I take something of a big-tent approach to design and architecture and prefer not to spend too much energy following the seams and fissures in language which are used to divide disciplines, and so I’m quite comfortable with the idea that design is an inherently intellectual activity.
I’d like to renew this discussion by exploring a specific aspect of these statements. I am personally rather ambivalent about the need for Architecture or Architects to realise the intellectual component of their disclipline as I find the concept of Intellectualism, or the Intellectual rather void of meaning until there is some content poured into the phrase. For my mind being intellectual is a means, not an ends, and is a rather neutral position until the ends are more explicitly explored. So I’ve become curious to understand what the purpose of intellectualism is?

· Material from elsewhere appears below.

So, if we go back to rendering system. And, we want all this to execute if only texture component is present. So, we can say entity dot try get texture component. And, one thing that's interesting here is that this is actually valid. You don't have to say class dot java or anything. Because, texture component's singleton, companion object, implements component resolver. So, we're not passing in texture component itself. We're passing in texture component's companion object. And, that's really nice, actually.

Purpose is itself an interesting word which in this context is meant to suggest force and direction rather than a neat resolution. It asks what is the tractory of intent of Intellectualism? Where does it lead? I fear if we don’t ask these questions, and answer them honestly we risk becoming trapped by our own language, becoming imprisoned in our own textual constructions.


Although I am by no means an in-depth reader of his (merely an fortunate audience member), ‘cultural philosopher’ [a title used not by himself of course] Slavoj Zizek rather nobly justified his intellectual pursuits as such (I paraphrase, hopefully not too hopelessly):
‘we must stop, then think. We need to understand the world in order to act sensibly.’

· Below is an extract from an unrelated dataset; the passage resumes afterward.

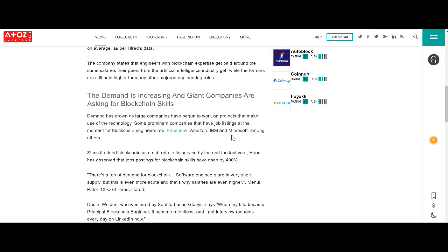And the demand is growing. Not only are ICOs interested, we also have Facebook, Amazon, IBM, and Microsoft. Basically, the giants in tech are now interested in blockchain engineering.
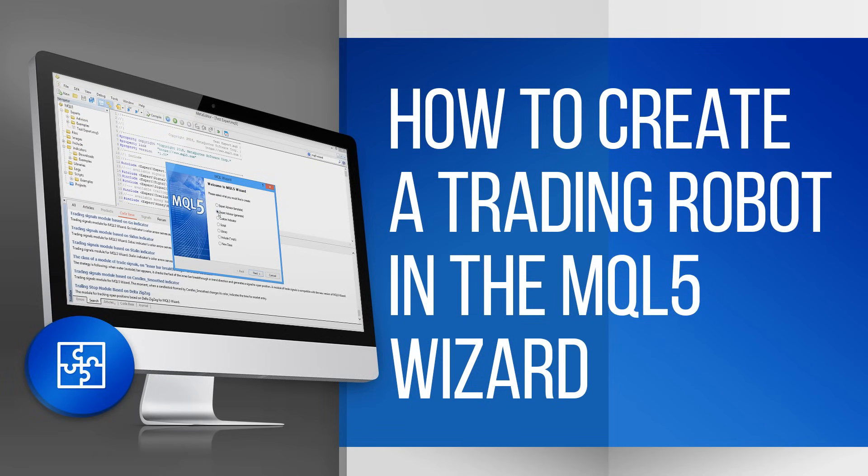The trading platform contains an editor of trading strategies, called MetaEditor, which allows creating trading robots without programming.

This is appealing because it ties an inter-dependancy between thinking and doing, which is of course existentially fundamental, but it also of course prioritises thinking to occur first, thus resisting naive action.
Of course the final word ‘sensibly’ is a whopping debate in itself. And i’ve replaced ‘thinking’ with ‘intellectualism’ as a personal presumption that the former is a pre-reflective state of the latter.

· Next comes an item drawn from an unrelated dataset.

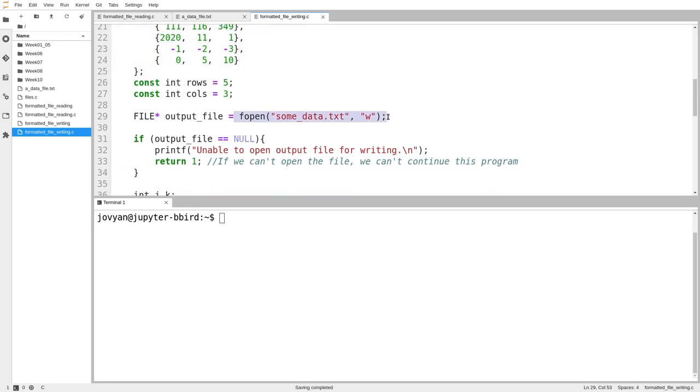here I use mode w, and remember in mode w, the file is opened, its current contents are cleared if it already exists, and if it doesn't exist, a file is created and it's empty.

Is the debate of trajectory and intent an existential one? For me it becomes very quickly a reflection on thinking/being/dwelling, as a momentous (but irregular) trajectory in itself. This is a Heideggerian idea i think..with a dash of the phenomenologists (who I tend to align myself with for strengthening this thinking-being thread) (Merleau-Ponty, Vesely).
I am honestly not sure if this tone or direction of thought is what you are after though Barnaby, because you are critical of the isolationist tendency of academia.
I’m not really after anything, it wouldn’t be an honest question if I thought I knew the answer. I would however like to think (perhaps hopefully) that there is a relatively straightforward answer to this question. Since the role of intellectualism has been raised as an important one for designers and architects, it only seems sensible to me that we should be able to define what this means. Otherwise we descend into conversations about words with no definition, which leads to nonsensc.